* Exercise brief *
For this exercise, the lines from the one with "Hand-painted wooden English" through the end of the material below must be output exactly, without pictures.

* Provided data *
════════
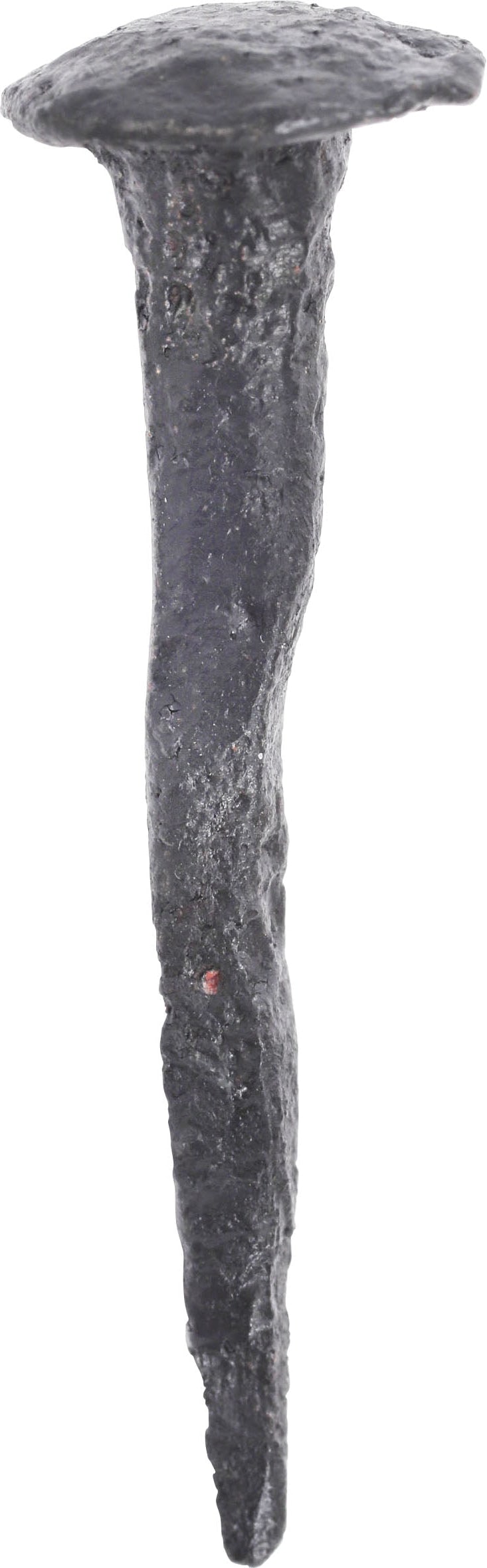 ROMAN “CRUCIFIXION” NAIL, 1ST-2ND CENTURY AD: Forged iron, over 2 1/4” (2.30”) length with an overbroad square head and long thin spike. Archeological evidence indicates that common nails were used for crucifixions. However,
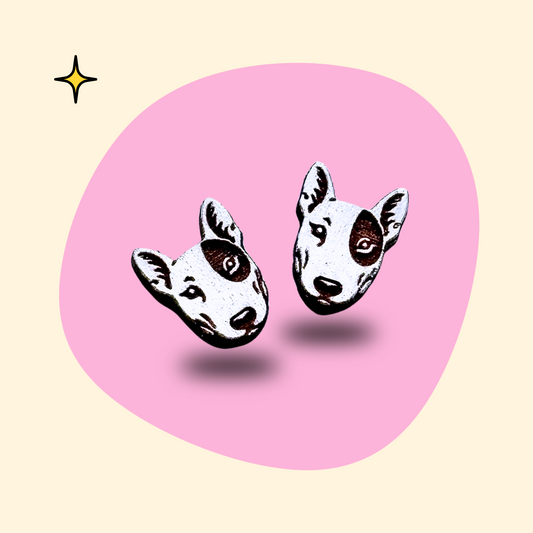 Hand-painted wooden English bull terrier ear studs by GRAINN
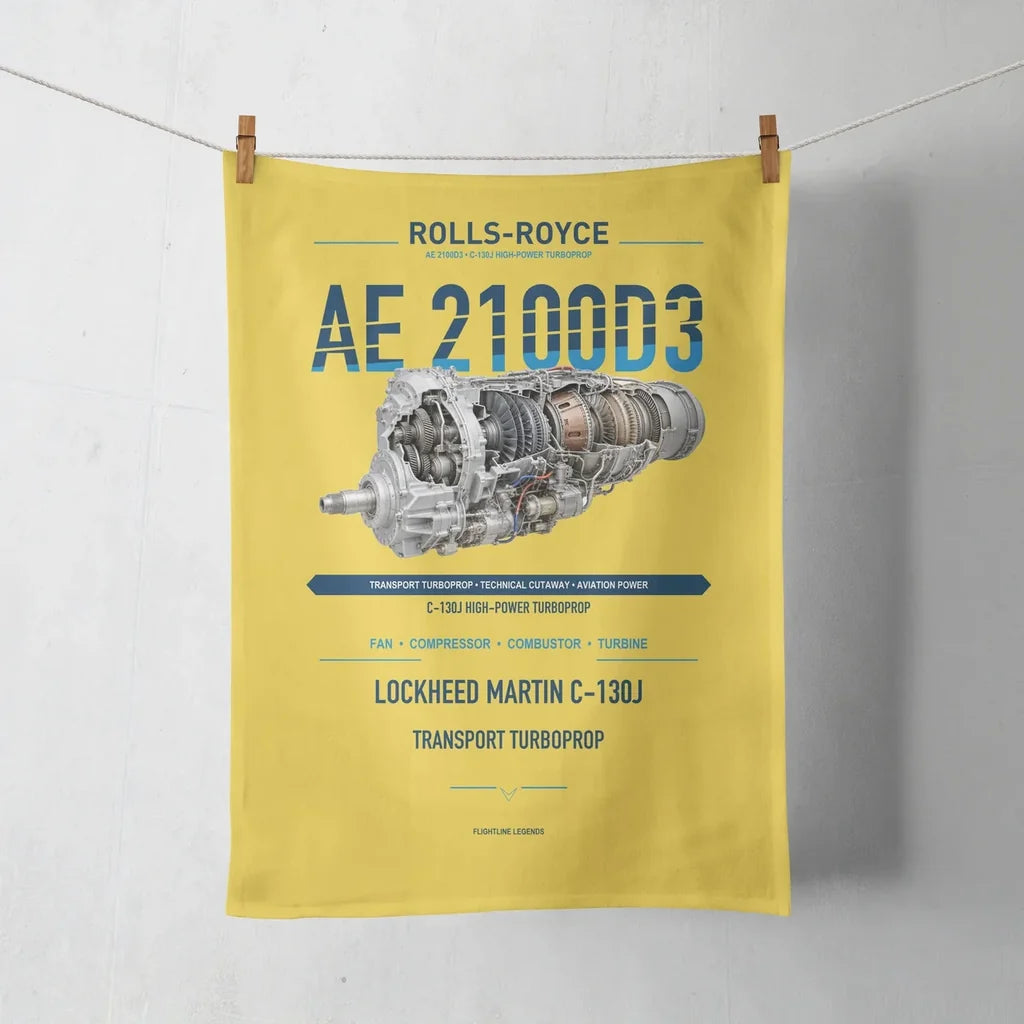 AE 2100D3 design on yellow towel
════════
* Solution *
 Hand-painted wooden English bull terrier ear studs by GRAINN
 AE 2100D3 design on yellow towel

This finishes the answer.